Communities are cyclical but often lack continuity. They wax and wane with generations and political environments. They emerge from the coming together of common interests and they die, disband or implode for a variety of reasons. Just this weekend I was talking to an old timer in my neighborhood that seemed dismayed that we didn’t have a childcare coop. He talked fondly of the organization that existed during the time that he had young kids (1970’s). I’ve been thinking about starting a childcare coop, but it won’t occur in the very same way or for the same reasons that my friend started one. The initial impetus is similar, but the environment has shifted greatly. And the new founders will create a new system to meet the needs of today. And if it gets built, it will only last as long as it is useful before it too ends. I’ve been really focused on accepting the end of institutions. And I use nostalgia as a reminder to not reenact, but to use the past as a model to iterate a new version of the things we need to get by today.
As I am reading the Orion piece, I am brought back to my own reason to retract– or move, at least. Leaving my job was an attempt to get closer to my hand, to my labor. As an artist, I have mourned my move away from the physical making of “things” though never enough to go back to it diligently. And in my master’s thesis I wrote about the use of the hand, and particularly about the mythology of women’s hands in the production of hand-crafts. But I see my leaving my job as a return to my hands and the reasoning is demonstrated so well in this Orion article:
“Mowing with a scythe shuts down the jabbering brain for a little while, or at least the rational part of it, leaving only the primitive part, the intuitive reptile consciousness, working fully.

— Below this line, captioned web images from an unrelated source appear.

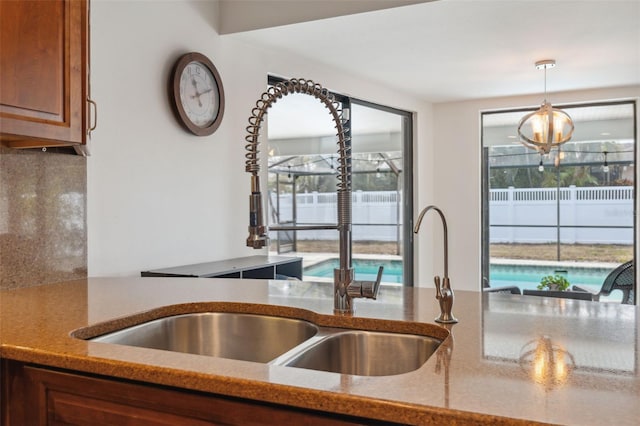 kitchen with light stone countertops, sink, an inviting chandelier, and pendant lighting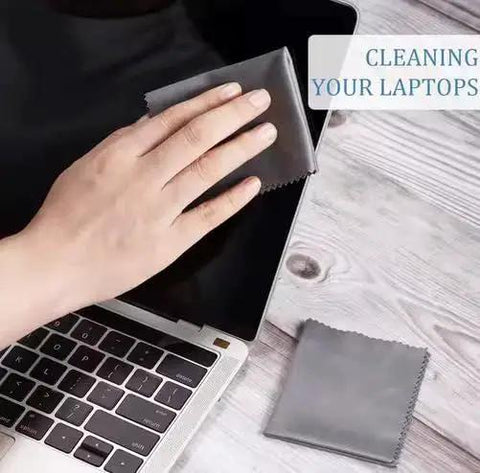 Hand using 10 Pack Microfiber Lens Cleaning Cloths 6x7 LintFree for Glasses Cameras Phones on laptop screen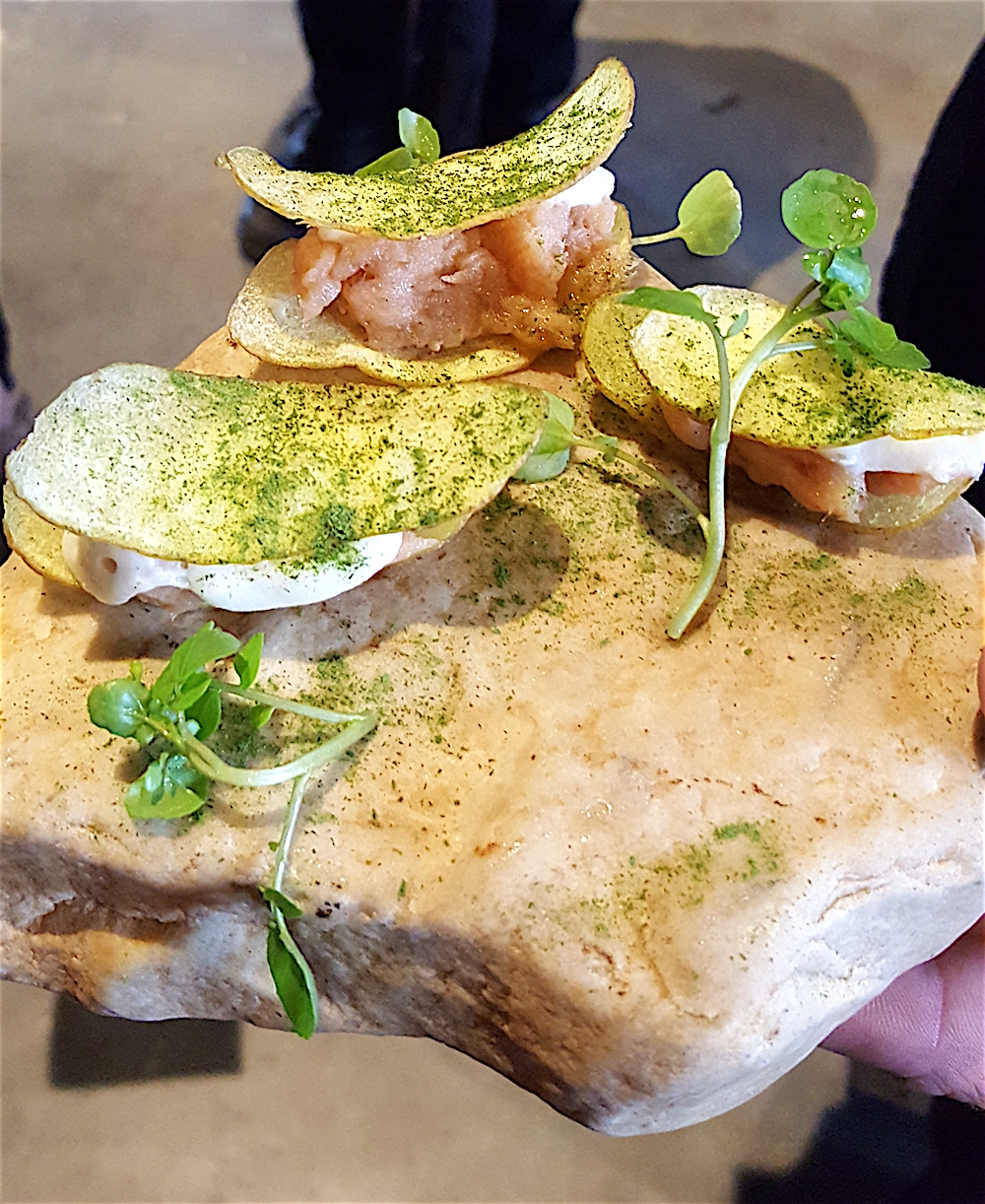 The smoked trout with homemade potato chips and creme fraiche were served on rocks!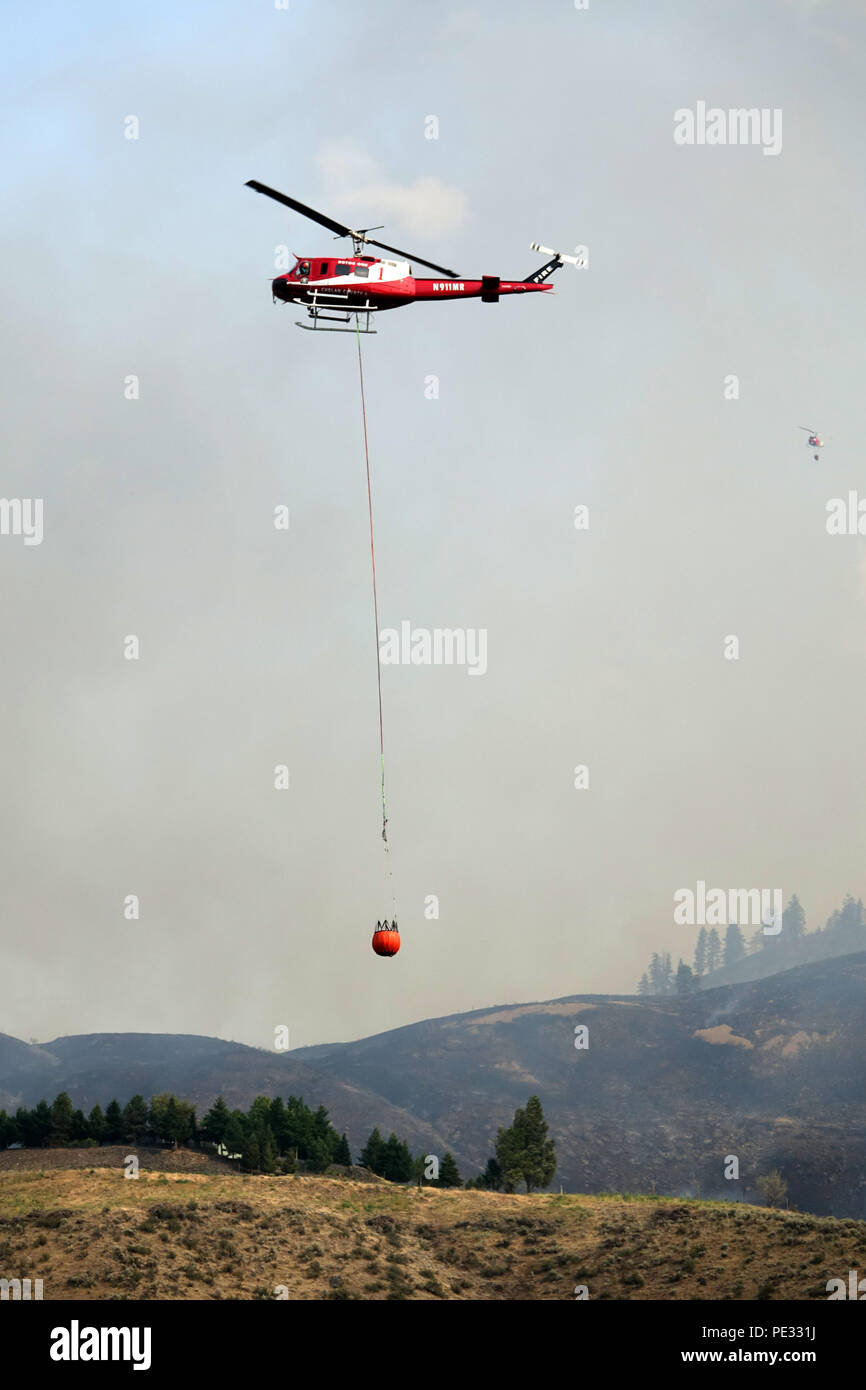 Helicopters are a primary aerial support system to fight wildfires by dropping water on active firelines to help firefighters gain control. Stock Photo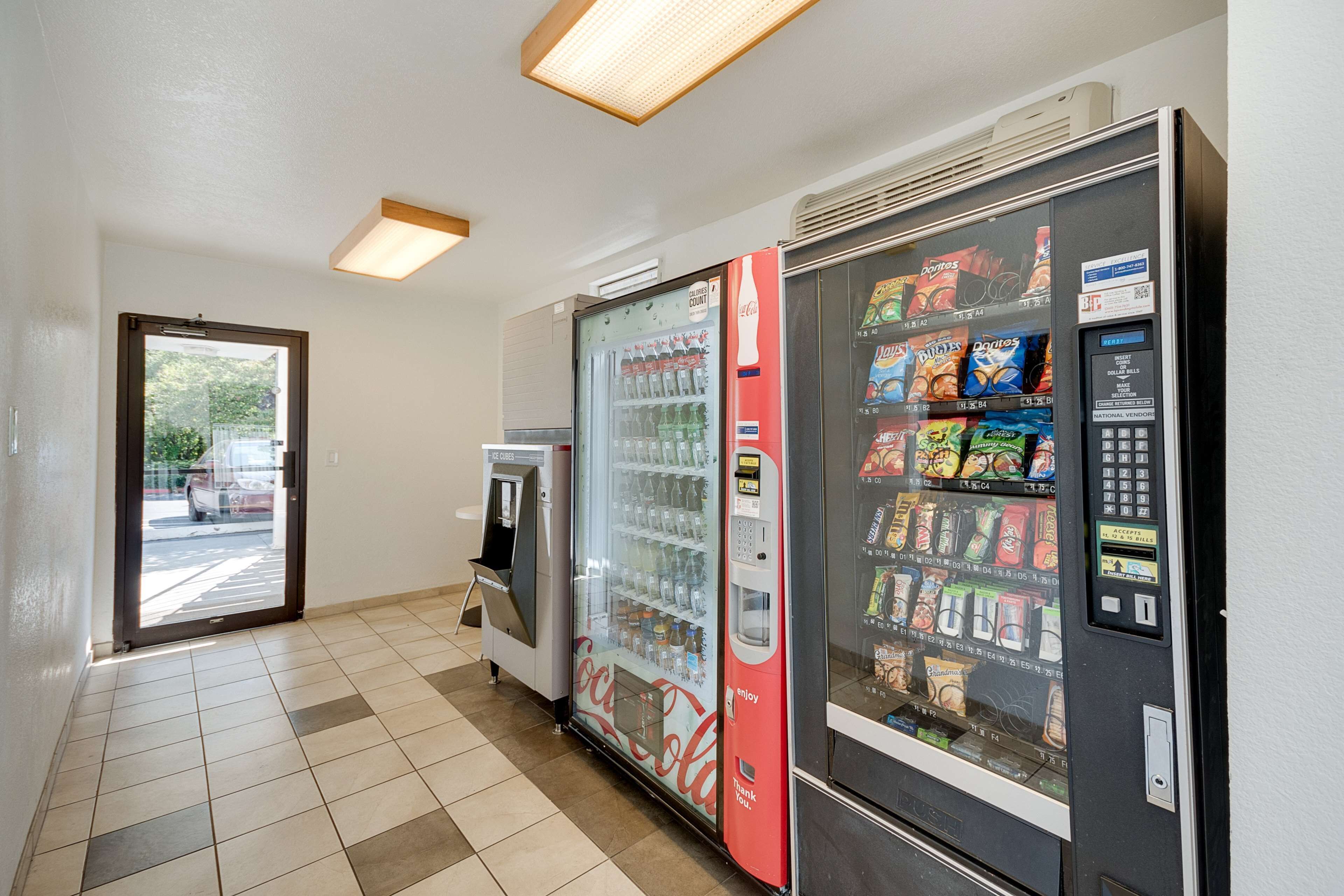 A vending area with a Coca-Cola machine and a snack vending machine.
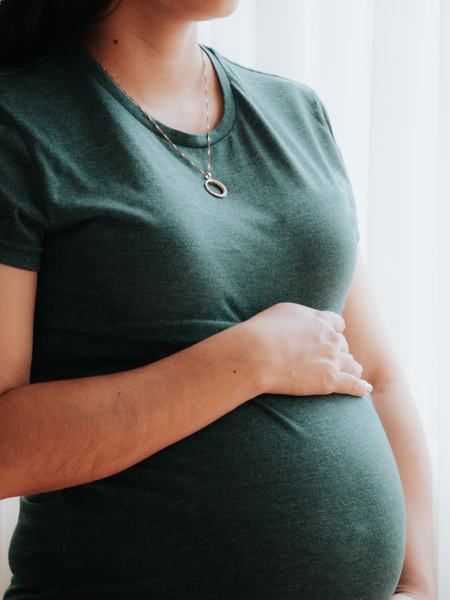 Eine weitere Teilaufnahme einer Frau mit Babybauch.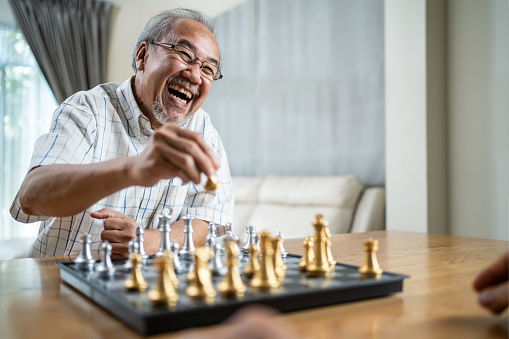 Retrato de ancianos asiáticos mayores pasan tiempo libre, se quedan en casa después de la jubilación. Feliz sonriente Anciano disfrutar de la actividad en casa jugar juego de ajedrez con amigo. Hospital Healthcare y concepto médico photo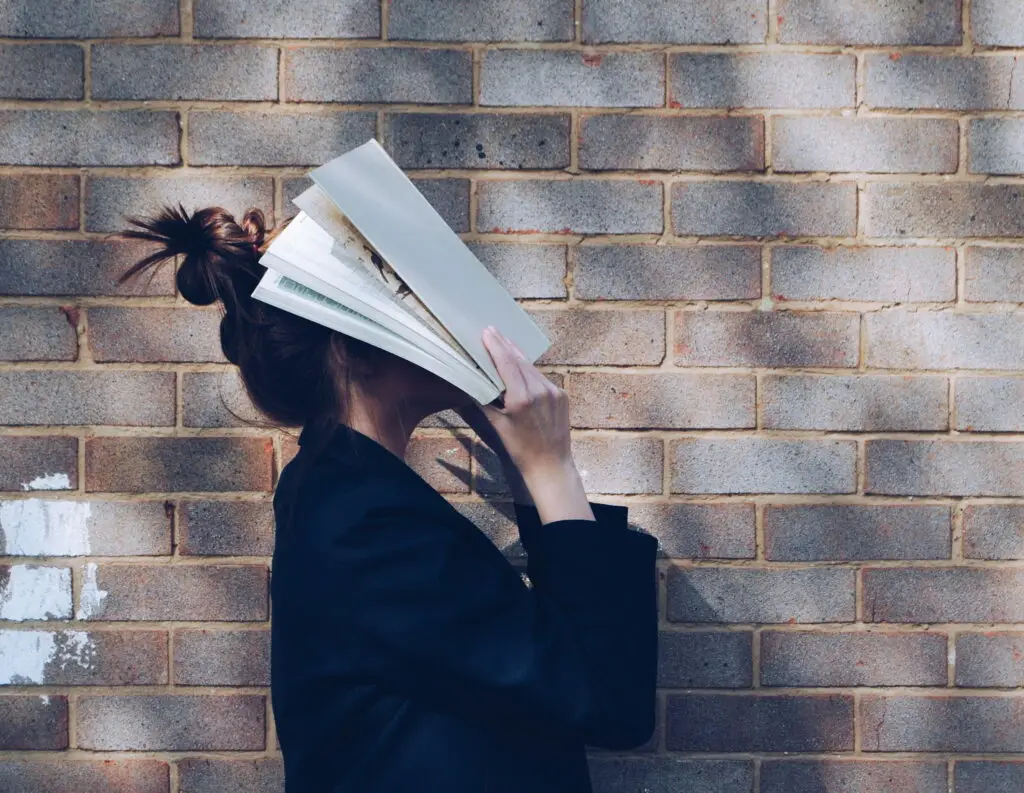 Female student with an open book held against her head, obscuring her face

Using a scythe properly is a meditation: your body in tune with the tool, your tool in tune with the land. You concentrate without thinking, you follow the lay of the ground with the face of your blade, you are aware of the keenness of its edge, you can hear the birds, see things moving through the grass ahead of you. Everything is connected to everything else, and if it isn’t, it doesn’t work. Your blade tip jams into the ground, you blunt the edge on a molehill you didn’t notice, you pull a muscle in your back, you slice your finger as you’re honing. Focus—relaxed focus—is the key to mowing well.”
I want to live in this life. I want to feed my family, at least in part, from the food we grow. I want the tangibility to be palpable because for so many years there has been a void between myself in my work.